She emphasized “they,” because Rivas is an integral part of the organization, although he maintains his family home in Fresno, where wife Linda and daughter Cayla live, and a rental home in Cordele. He travels back and forth, splitting each month tending to his two California businesses – Chris Rivas V-Twin Specialties and Rocket Cams Inc. – then spending two weeks at the shop across the continent.

Rivas operates an aftermarket Harley-Davidson performance shop that specializes in head porting, performance engine building, dyno tuning, and custom bike builds. His Rocket Cams Inc. features a Signature Series line of camshafts that Rivas designed to enhance the power delivery of stock Harley-Davidson motorcycles. (High-school athlete, cheerleader, and accomplished photojournalist-artist Cayla, by the way, is the proud owner of 12 land speed world motorcycle records.)

Photo by Ron Lewis

So his plate also is full. But, Sampey said, “He’s doing an awesome job tuning the motorcycles. We especially enjoy having him because of his past as a racer. He understands very well what me and Cory are thinking or need to be thinking and what we’re doing. It’s awesome to have a crew chief who knows what the driver is going through. That’s been a big advantage” … even in seemingly small matters.

“We went testing, and I wasn’t comfortable with my seat. I said, ‘I don’t like the seat, but I can do it. I’ll make it work.’ Chris would not settle for that. He wouldn’t stop working on the seat until I was 100-percent comfortable with it. I told him, ‘Thank you so much for making it a priority and fixing my seat. I really didn’t mean that you had to. I just wanted you to know that I wasn’t comfortable but that I’ll make it work.’ He said, “No. I’m glad you told me you weren’t comfortable. I want you to be 100-percent comfortable. If there’s anything you do not like on this motorcycle, I want you to tell me and we will fix it.’

“Chris said he didn’t care how little [the issue] was. He wants it to be perfect for me, that I don’t have to worry about anything but driving,” she said. “I just appreciated that so much. And that’s because he was a driver and he knows every little bitty detail can take away from your focus. I really appreciate having that side of him.

“He’s a really good leader for our team,” Sampey said. “Every weekend before we start racing, we have a team meeting. We all gather in the trailer and talk about anything that might need to be discussed. Then after we’re finished, Chris leads the whole team in a prayer. That’s another thing that has been awesome for us. It’s brought us together. We’re all bonding. We’re not just teammates. We’ve all become very, very close, like family. And I think Chris has a lot to do with that.”
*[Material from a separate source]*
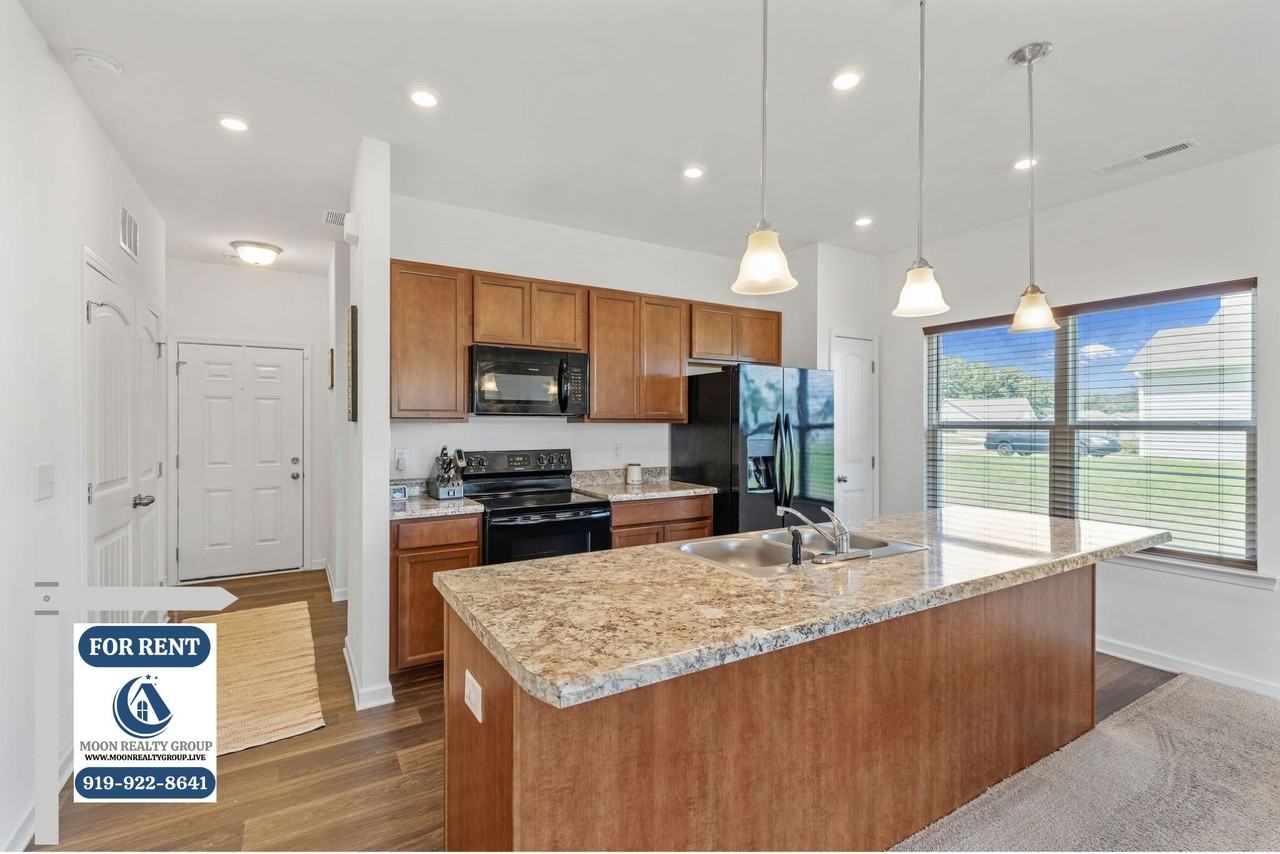 313 Settlers Pointe Dr #1 - Photo 4 of 13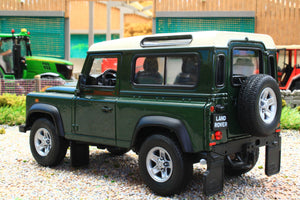 WEL22498G Welly 1:24 Scale Land Rover Defender 90 in Green with White Roof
Reed is the team owner. His parents, sportsman/Pro Modified drag-racing legends Jim and Annie Whiteley, sponsor the team with their Precision Service Equipment. Team Liberty announced June 30 additional funding from longtime Sampey backer Allegany Motor & Pump Service, Inc.

Cory just wants to race. He trusts everybody on the team.

“Ultimately, if you want to get real technical about it, the Whiteleys and Cory own it together. But it’s Cory’s team. He calls the shots,” Sampey said. “He does have to go to Jim and Annie when he has to make a really big decision and get approval for things. But they wanted him to have his own team. Everybody else has their own deal. He was motocross racing, and they were barely ever together. And Cory was traveling the country, doing motocross racing, and they [along with Pro Modified competitor son Steven Whiteley] were traveling the country doing drag racing. Annie really wanted him with them. So she talked him into checking out Pro Stock Bikes. He went to Frank Hawley Drag Racing School. And that’s how we met him. He was racing with us [at Star Racing]. After his first year of training, he said he wanted his own team. He started a Pro Stock Motorcycle team and asked me to manage it. He and I make all the decisions together.

“The amount of responsibility they put on me is not ‘overwhelming’ … I don’t know how to word this right … I’m proud, like I’m really proud of how much they trust me,” she said. “We’ll have a meeting, and somebody will ask Jim, and Jim will say, ‘Well, talk to her. Angelle’s going to deal with that. She’ll take care of it. That’s up to her. Whatever she wants to do.’ And that just freaks me out, that somebody will put that amount of trust in me.”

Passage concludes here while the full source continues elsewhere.